As the acquisition occurred after April 30, 2016, the Company’s Condensed Consolidated Statements of Income for the three and six months ended April 30, 2016, and May 2, 2015, do not include any of Ruckus’ financial results. The preliminary estimated post-combination stock-based compensation expense for Company stock options and restricted stock units issued to replace canceled Ruckus stock options and restricted stock units is $47.3 million. This expense will be recognized in accordance with the Company’s policy.

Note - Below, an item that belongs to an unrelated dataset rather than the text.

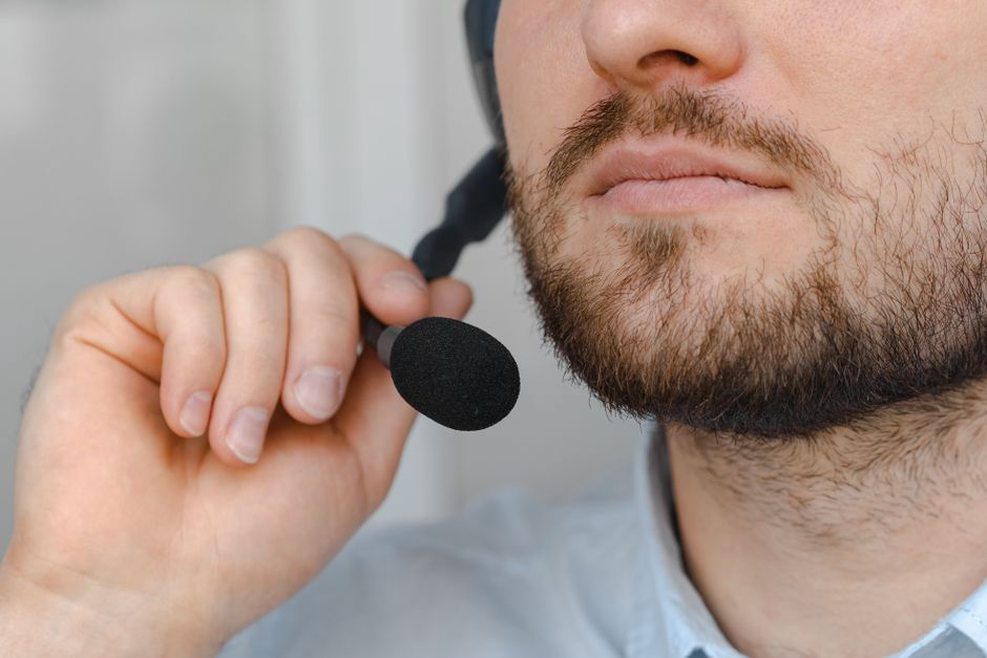 Contact microphone attached to a speaker's neck for speech capture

Initial Term Loan and Revolving Credit Facility
In connection with the completion of the acquisition of Ruckus, on May 27, 2016, the Company entered into a Credit Agreement (the “Credit Agreement”) with Wells Fargo Bank, Deutsche Bank AG New York Branch, SunTrust Bank and certain other lenders. Pursuant to the Credit Agreement, the lenders have provided Brocade with a term loan facility of $800 million, which was fully drawn at the time of, and the proceeds used to fund in part, the acquisition, and a revolving credit facility of $100 million, which is fully available to finance ongoing working capital requirements and other general corporate purposes of the Company. The proceeds of both the term loan facility and the revolving credit facility may also be used to finance the repurchase of the Company’s shares.
The initial term loan has a term of five years and bears interest at floating rates based on LIBOR, plus 1.5% interest margin.
The Company’s obligations under the Credit Agreement are and will be fully and unconditionally guaranteed by certain of the Company’s existing and subsequently acquired or organized direct and indirect subsidiaries. The Company’s obligations under the Credit Agreement are unsecured but will be required to be secured upon the occurrence of certain events, including certain credit rating agency downgrades or the incurrence of certain indebtedness in excess of $600 million, subject to certain exceptions.
The Credit Agreement includes financial covenants, including a maximum total leverage ratio and a minimum interest coverage ratio, certain restrictive covenants and customary events of default. Commitments under the revolving credit facility are subject to an annual undrawn commitment fee starting at 0.30%, and are later subject to adjustment between 0.20% and 0.35% based on the Company’s total leverage ratio.